# Reporting Super Contributions on USA tax return?



## jeff65 (Aug 29, 2011)

Hi,

How do you report your Australian employer superannuation contributions on your USA tax return? Does it count as earned income eligible for the foreign earned income exclusion? Or does it count as some sort of unearned income and need to be reported separately? Thanks in advance.

Jeff


----------



## jeff65 (Aug 29, 2011)

The following is from Pub 54:



> Foreign earned income does not include the following amounts.
> 
> · Amounts you include in your income because of your employer’s contributions to a nonexempt employee trust or to a non-qualified annuity contract.

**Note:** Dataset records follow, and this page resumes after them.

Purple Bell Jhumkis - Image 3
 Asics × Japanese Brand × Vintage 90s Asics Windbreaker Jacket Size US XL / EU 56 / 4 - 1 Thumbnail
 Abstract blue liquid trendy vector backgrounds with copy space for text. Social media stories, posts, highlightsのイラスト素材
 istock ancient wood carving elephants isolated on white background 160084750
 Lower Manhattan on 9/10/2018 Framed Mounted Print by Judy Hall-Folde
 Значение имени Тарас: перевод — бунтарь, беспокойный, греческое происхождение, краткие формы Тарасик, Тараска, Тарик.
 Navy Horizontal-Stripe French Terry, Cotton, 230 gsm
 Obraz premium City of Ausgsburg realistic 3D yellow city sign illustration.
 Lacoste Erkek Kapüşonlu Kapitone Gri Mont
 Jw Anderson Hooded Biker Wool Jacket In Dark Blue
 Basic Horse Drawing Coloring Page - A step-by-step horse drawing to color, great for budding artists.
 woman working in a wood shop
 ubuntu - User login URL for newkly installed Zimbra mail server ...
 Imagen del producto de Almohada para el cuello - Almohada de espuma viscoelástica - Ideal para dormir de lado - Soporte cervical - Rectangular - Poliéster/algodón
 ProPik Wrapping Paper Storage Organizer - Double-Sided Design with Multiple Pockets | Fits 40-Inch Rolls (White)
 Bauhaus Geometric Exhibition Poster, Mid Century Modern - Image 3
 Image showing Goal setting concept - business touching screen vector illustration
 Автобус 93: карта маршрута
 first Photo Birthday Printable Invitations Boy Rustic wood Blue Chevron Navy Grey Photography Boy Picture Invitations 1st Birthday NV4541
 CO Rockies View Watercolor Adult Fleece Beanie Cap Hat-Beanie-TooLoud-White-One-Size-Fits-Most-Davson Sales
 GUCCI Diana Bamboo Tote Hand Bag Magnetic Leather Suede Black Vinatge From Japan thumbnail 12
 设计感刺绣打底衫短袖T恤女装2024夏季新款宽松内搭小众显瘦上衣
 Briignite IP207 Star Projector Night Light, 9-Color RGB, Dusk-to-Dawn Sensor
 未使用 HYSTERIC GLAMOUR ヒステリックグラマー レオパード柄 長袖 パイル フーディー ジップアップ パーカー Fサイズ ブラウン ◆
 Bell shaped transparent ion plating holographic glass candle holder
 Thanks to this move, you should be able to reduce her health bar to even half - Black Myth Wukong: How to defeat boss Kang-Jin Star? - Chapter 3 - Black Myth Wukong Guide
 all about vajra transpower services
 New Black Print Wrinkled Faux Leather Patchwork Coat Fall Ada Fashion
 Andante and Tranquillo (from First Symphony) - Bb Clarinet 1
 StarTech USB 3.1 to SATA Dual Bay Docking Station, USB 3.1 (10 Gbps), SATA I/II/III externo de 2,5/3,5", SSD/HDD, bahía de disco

This language seems to indicate that employer super contributions are not eligible to be excluded.

The question is where is this income reported on form 1040? Is it still part of wages, salaries and tips on line 7? Or is it reported as pensions and annuities on line 16a? It seems the latter is for distributions from pensions - not contributions to pension plans.


----------



## jeff65 (Aug 29, 2011)

Just bumping this up to the front page. I see lots of past discussions on US tax returns, but surprisingly they never speak to this very basic question. Anyone employed in Australia who must file a US return needs to know the answer.


----------



## stormgal (Sep 30, 2009)

Try here:

US taxes in Oz


----------



## jeff65 (Aug 29, 2011)

stormgal said:


> Try here:
> 
> 
> 
> ...


----------



## ardie514 (Aug 12, 2009)

jeff65 said:


> stormgal said:
> 
> 
> > Try here:
> ...


----------



## jeff65 (Aug 29, 2011)

I did not find out the answer to this. 

I am fairly certain employer contributions are considered unearned income for US tax purposes and not eligible for the foreign income exclusion. Since super contributions are taxed at only 15% in Australia, it is likely that some tax will be owed to the US unless it can be excluded or offset by an exemption or deduction.


----------